When I was dealing drugs, I was only 19 years old but I was making a doctor’s salary… I never wanted to go to college!  I felt there was an easier faster way to make serious money. But when I hit bottom, I realized there had to be a better way. Recovery gave me the opportunity, the courage, confidence, and self-respect to begin an honest and more rewarding life. Recovery has given me so many positive things in the last five years including a degree, familial relationships, true friends, my own safe place to live, and an amazing career as a drug counselor.  I now help people who were just like me, and I know exactly where they are coming from. I feel like my blessings could go on forever.

I maintain my recovery through my work and giving back to others who are in the same situation I was in, and trying to advocate for addicts through BARCC. I am also honest with myself and always know that my addiction is a cunning disease that is waiting for me to mess up. I enjoy the company and support of family, friends, and my girlfriend, and I exercise almost daily.

My advice to those seeking recovery is to take action! Addicts are not used to asking for help and do not want to appear weak to others, especially strangers.  But asking for help is not a sign of weakness… it is a sign of supreme strength. Doing things differently is the core of your recovery. If you continue to do what you have always done you will get the same results you always have. Take the actions necessary to live a productive life in society, whatever that means to you. If you take the actions necessary in changing your addictive behaviors, anything is possible in the future.

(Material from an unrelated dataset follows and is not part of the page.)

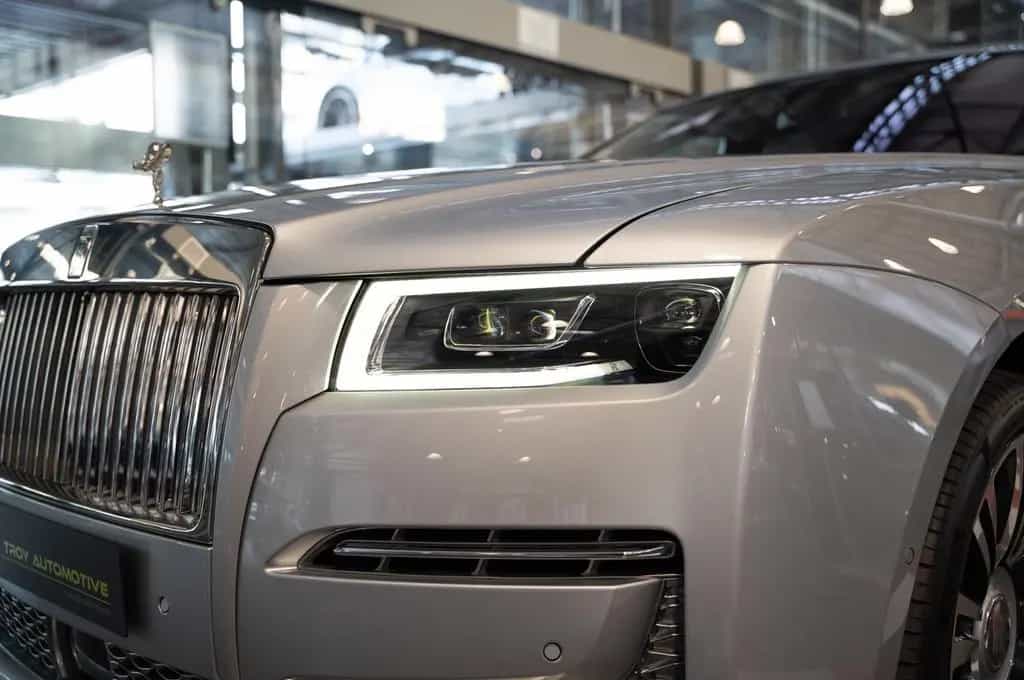 Rolls-Royce Ghost - 1.Hand - 5.300KM - Mwst. ausweisbar 10/2021-photo-4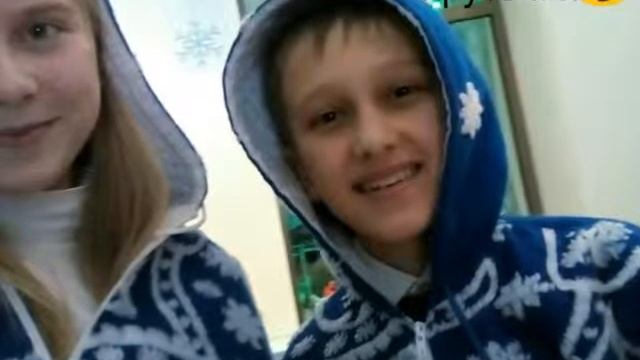 С девочками из класса делали видео поздравление мальчикам на 23 февраля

As a recovering person, I would like my legacy to be that I was successful at Methadone treatment. I would like it to be known that treatment is an individual journey and that what works for me might not work for you.  But any treatment can work if you put everything you have into it and are willing to make the necessary changes in your life to be successful. I would also like to be known as an honest and trustworthy individual who was more than willing to share his story and message in the hope that it would help others achieve recovery.